CLDR data as versioned “peer” dependency
rxaviers opened this issue · comments
Goal
- Libraries should be able to define what CLDR versions (the data, not cldrjs itself) they are compatible with.
- Tools should assist on (a) fetching the data and (b) dependency management.
Winner approaches
npm + custom-downloader
Ideal for backend applications.
An npm module that uses a custom downloader. See npm's cldr-data npm module. The implementation of these modules have been inspired by phantomjs.
bower + post-install hook (or grunt task)

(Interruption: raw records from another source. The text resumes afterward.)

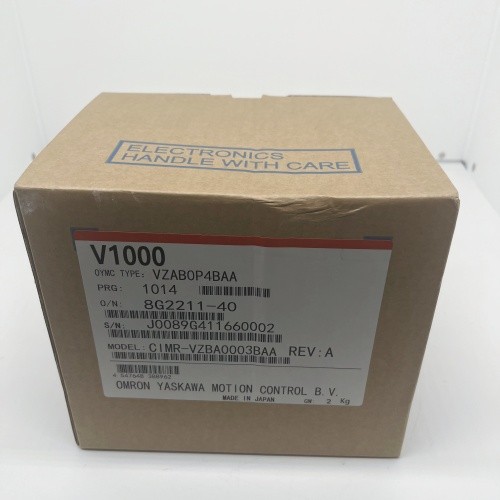 Omron Yaskawa OYMC 0.55KW V1000 Compact Vector Control Drive VZAB0P4BAA Inverter CIMR-VZBA0003BAA New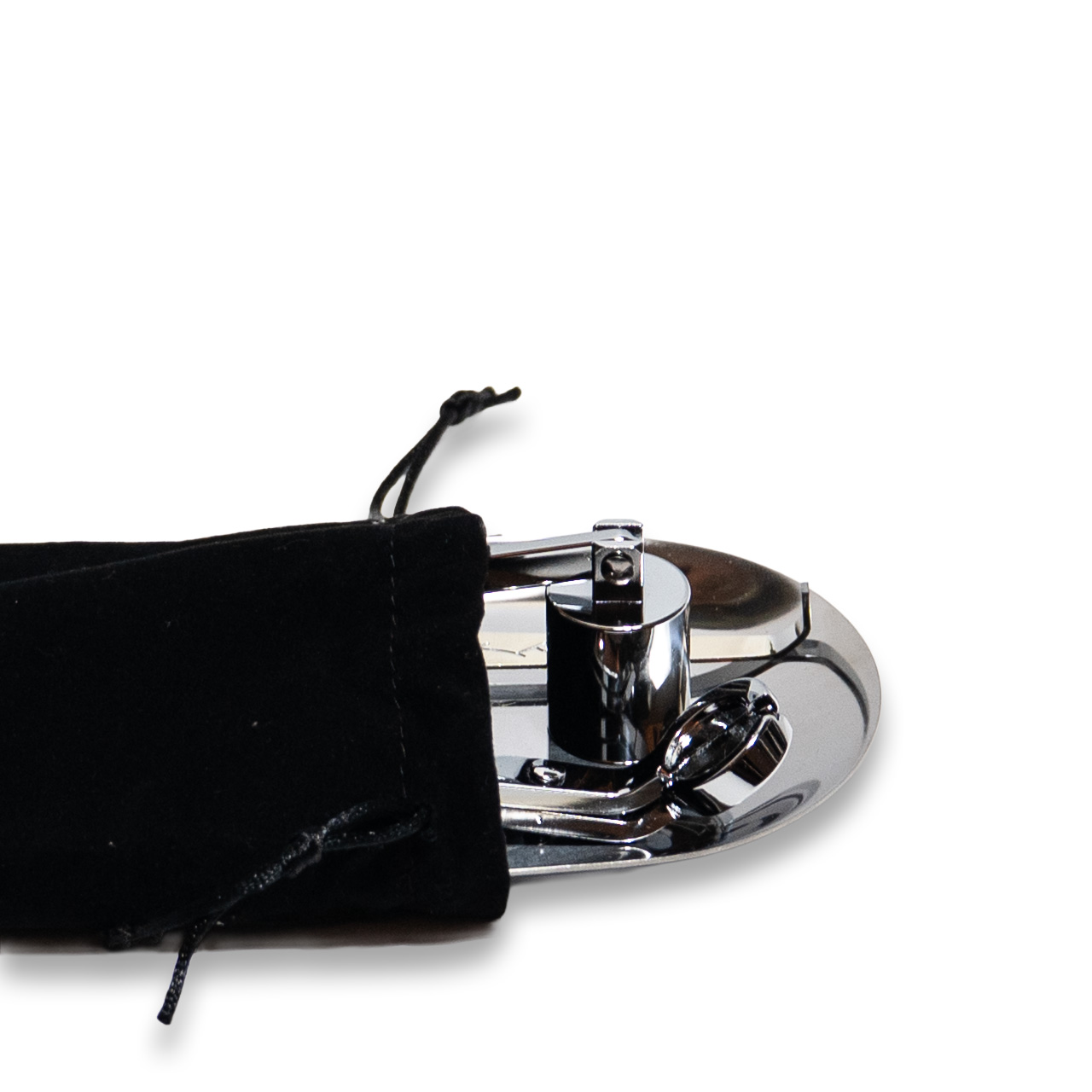 Silver Candle Snuffer and Wick Trimmer Set - Image 6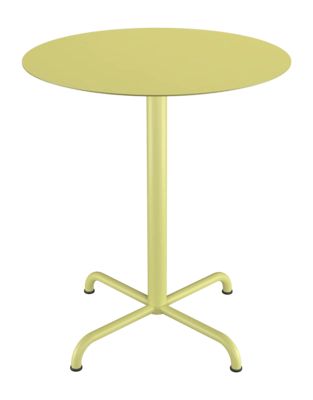 Houe Pico Café Table Bijzettafel Lemon Zest Buiten 4 Star Base Ø 64 cm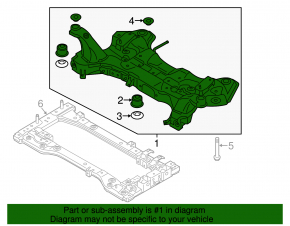 Bara de protecție față Kia Soul 14-19
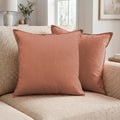 Symplora Cotton Linen Throw Pillow Covers Set of 2, Breathable Non Pilling Decorative Pillow Covers, Machine Washable Cushion Case for…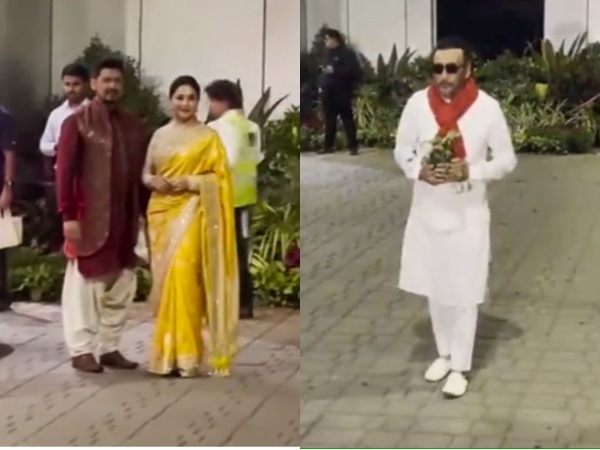 Madhuri Dixit, Dr Sriram Nene, Jackie Shroff (Image source: ANI Photos)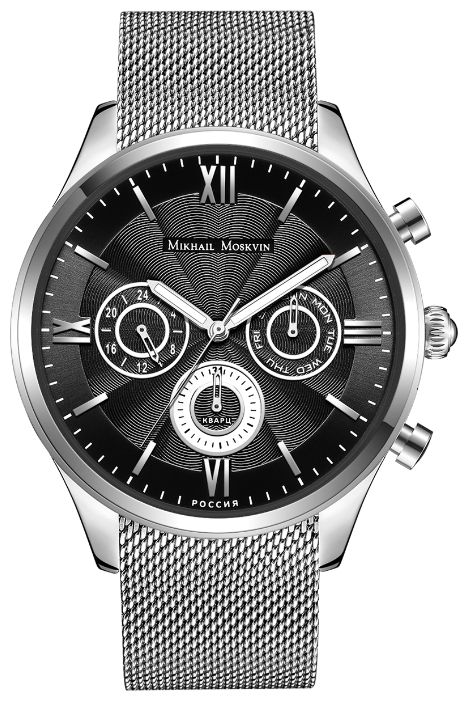 Наручные часы Mikhail Moskvin, серебряный, черный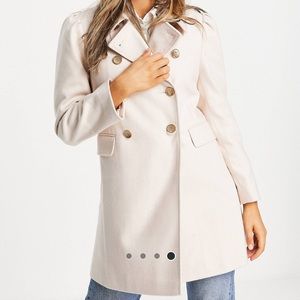 Miss Selfridge/ASOS pale pink coat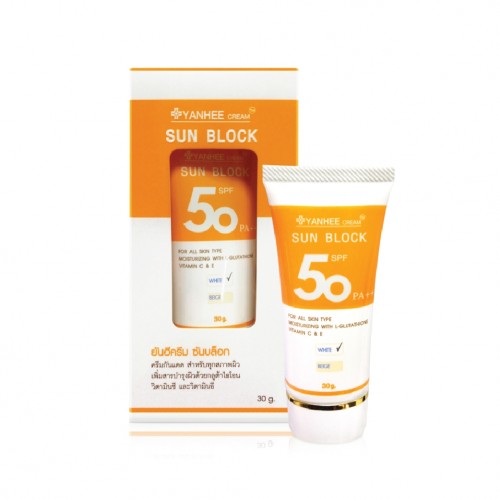 Kem chống nắng dưỡng trắng da Yanhee SunBlock White 30g Kem chống nắng dưỡng trắng da Yanhee SunBlock White 30g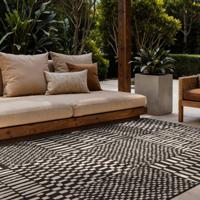 Vloerkleed Barkham Rechthoekig - Zwart Wit 170x120cm - Polypropyleen - Dekbed-Discounter.nl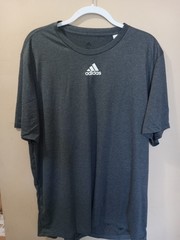 Adidas SS Pregame A Grey T-Shirt HT3978 Size XL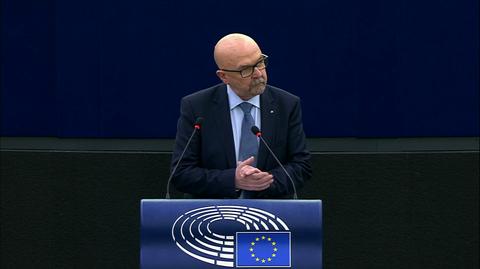 Europoseł PiS Ryszard Legutko podczas debaty w PE. Cała wypowiedź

Ideal for frontend applications.
A bower module that contains CLDR data zip urls only (really light). It works as follows. A project foo depends on a variety of libraries that have different CLDR data requisites, which define that by using cldr-data bower module in their respective bower.json. When bower install
is executed on project foo, it will resolve and flat the cldr-data versions of each dependencies and it will come up with a cldr-data that accommodates them all. A bower postinstall hook (e.g., cldr-data-downloader) or a grunt task (grunt-cldr-data-downloader) can be used in the sequence to download and populate the bower_components/cldr-data skeleton.
See bower's cldr-data.
Unsuccessful approaches
npm mirror
An npm module (e.g., cldr-data) contains all the CLDR JSON data. It follows the same version numbers of Unicode CLDR, for example cldr-data v26 has the same data served by http://www.unicode.org/Public/cldr/26/json-full.zip.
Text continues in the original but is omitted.